Non-erotic Dawn at Midnight By Pinuram - {Completed}
#79
Chapter 5: Destructive Catastrophe


---------------------------------------


I applied for my maternity leave in my college. On first week of November, ChotoMa called Himadri and asked his permission to bring me to Kolkata. I was in my third trimester and I was due on first week of February. ChotoMa wanted to take care of me until my baby would be born.

#

Himadri came with me to Kolkata. Before leaving, he kissed my cheeks and said---“Take care. I will call you every day.”

I was bit offended, I thought he would go down on his knees and kiss my protruding womb and would talk to the unborn baby. However, he did not do anything of that sort.

#

I stood at the balcony and watched him as he boarded the taxi and went away.
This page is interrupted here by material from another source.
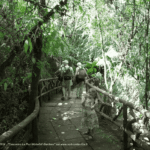 La Paz Waterfall Gardens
ChotoMa understood my sorrow and caressed my cheeks---“Paree, it is nature of all males. They do not understand the pains, that a mother has to bear. Only when the child is born, they take the credit. Come on cheer up, your ChotoMa is here to take care of you.”

I smiled at ChotoMa and hugged her.

She took me inside her room that night and gave me a beautiful mauve coloured chiffon saree.

ChotoMa said to me---“This is for your birthday. I missed my child’s birthday this year.”

She kissed my forehead.

#

ChotoMa and Babu were very much concerned as I had some minor complications with my uterus. My blood pressure was little high but my gynecologist explained it to ChotoMa that it was normal. She prescribed me to take walk after dinner. Sometimes I experienced a sharp pain emancipating from the back of my spine, spiraling upwards surrounding my hips. At first, ChotoMa said that it was normal birth pains. I could feel my sapling’s kick on the walls of my womb. The throbbing sensation was awesome. It felt like a heaven to me. The feeling of those small kicks drowned those sharp, vein writhing pains.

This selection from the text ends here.